Japanese Breakthrough Makes Wind Power Cheaper Than Nuclear - ricksta
http://wakeup-world.com/2012/01/19/japanese-breakthrough-makes-wind-power-cheaper-than-nuclear/

======
orangecat
_One downside often cited by advocates of coal and gas power is that wind
turbines require a lot more maintenance than a typical coal or gas power
plant. But in a lagging economy this might just be wind power’s biggest upside
— it will create lots and lots of permanent jobs, sparking a new cycle of
economic growth in America._

And if that doesn't work, we can just break a bunch of windows and hire people
to fix them.

------
jdwhit2
South Australia has one of the highest wind penetrations in the world, they
recently had a peak of 60% electricity being supplied by the wind.
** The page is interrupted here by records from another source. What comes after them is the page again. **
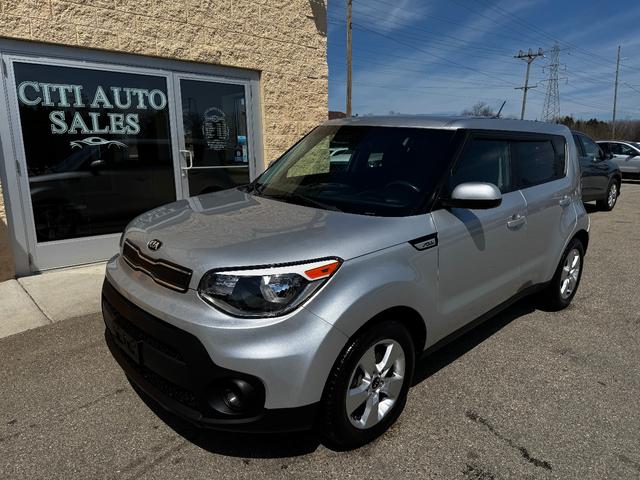 2017 Kia SOUL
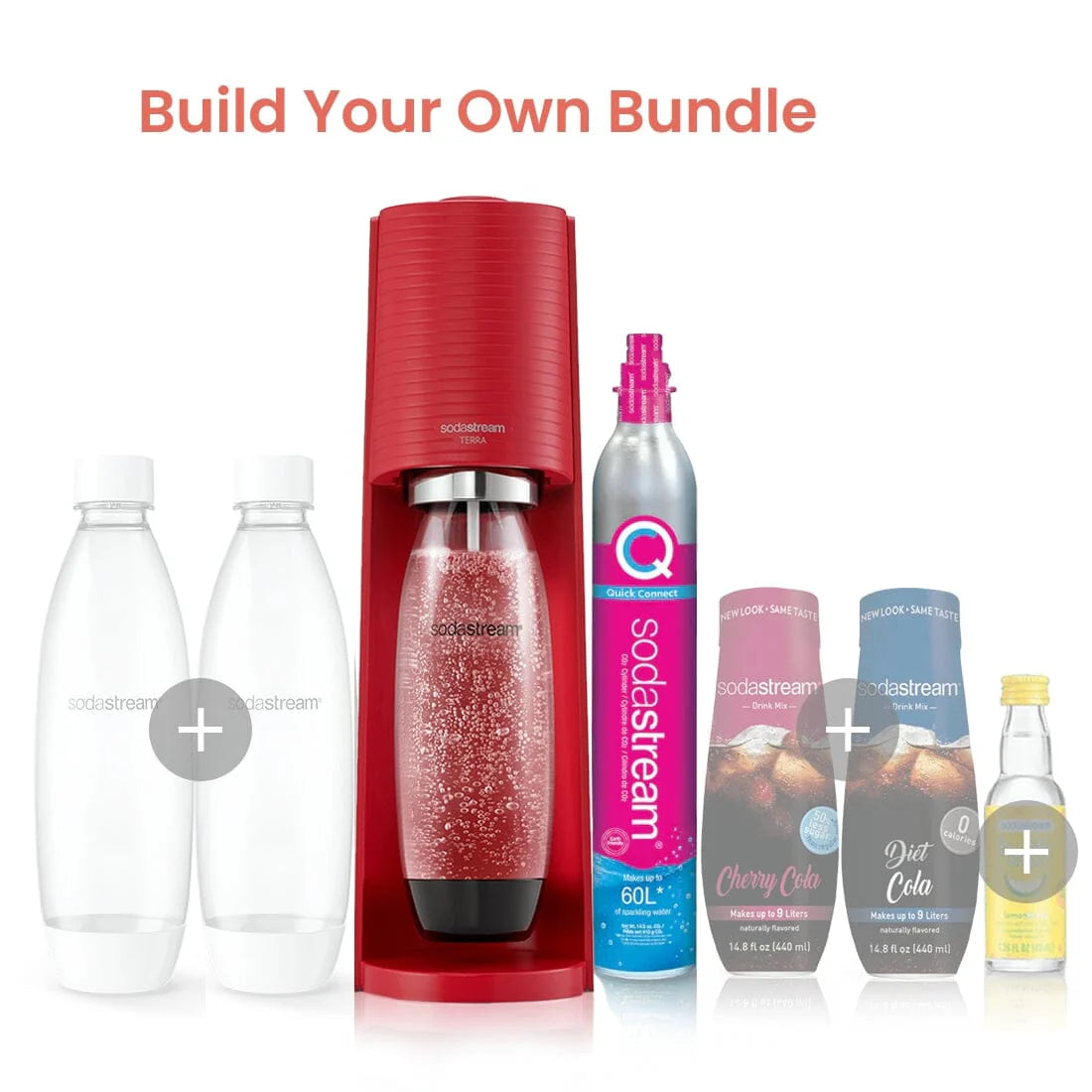Sodastream Terra
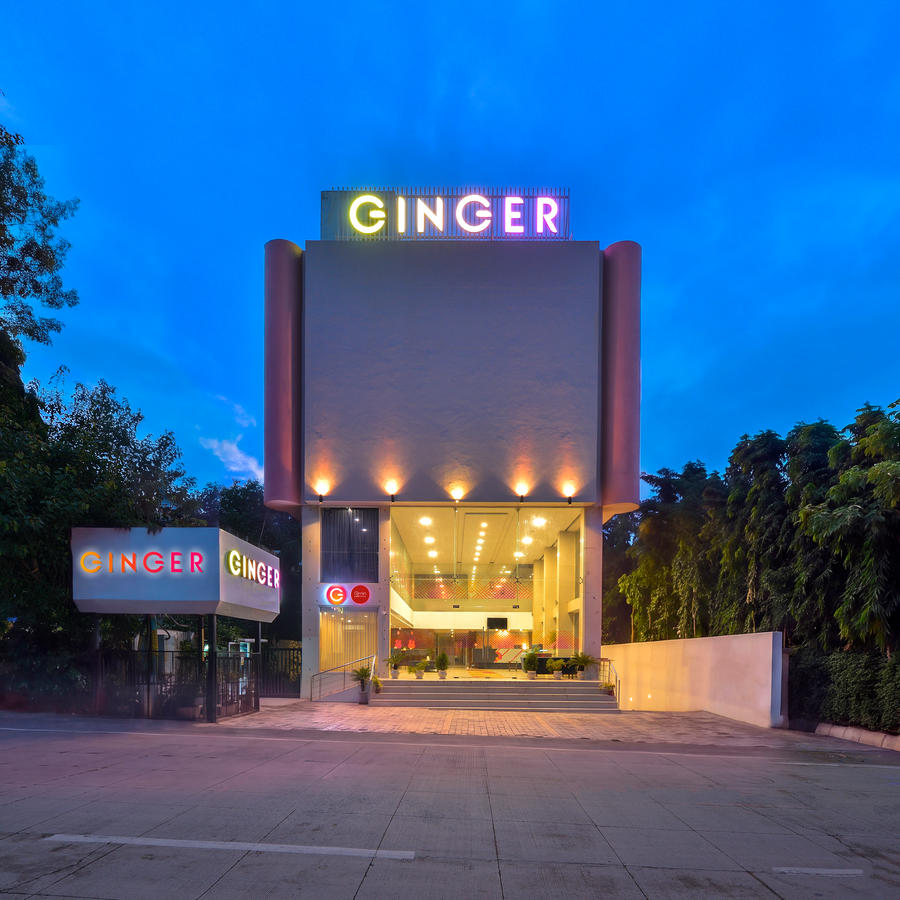 ginger bhavnagar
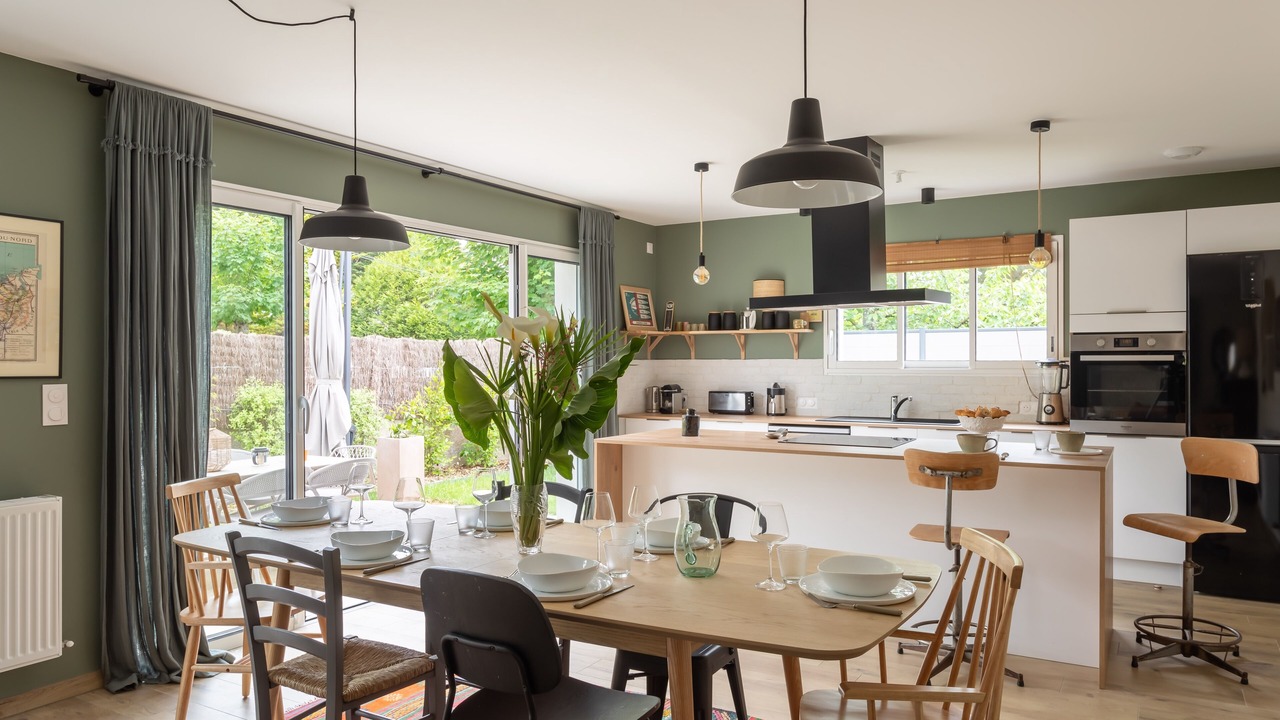 Photo of Kitchen in Lancieux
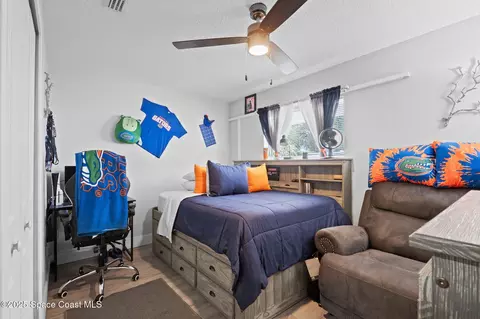 Bedroom - 953 Bayward Ln, Rockledge, FL 32955 photo 4 of 12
Though with the higher wind penetration levels wind farm operators in South
Australia are facing a problem with the current electricity market design.
When the wind blows, there is a surplus of electricity supply. The price for
electricity dives, sometimes to -$1000 / MWh. Yes that is correct, the price
goes below zero and consumers are paid to use electricity.

And conversely when the wind is not blowing, traditional fossil fuel power
stations are able to bid much higher prices without fear of competition.

An interesting challenge for electricity market designers to solve.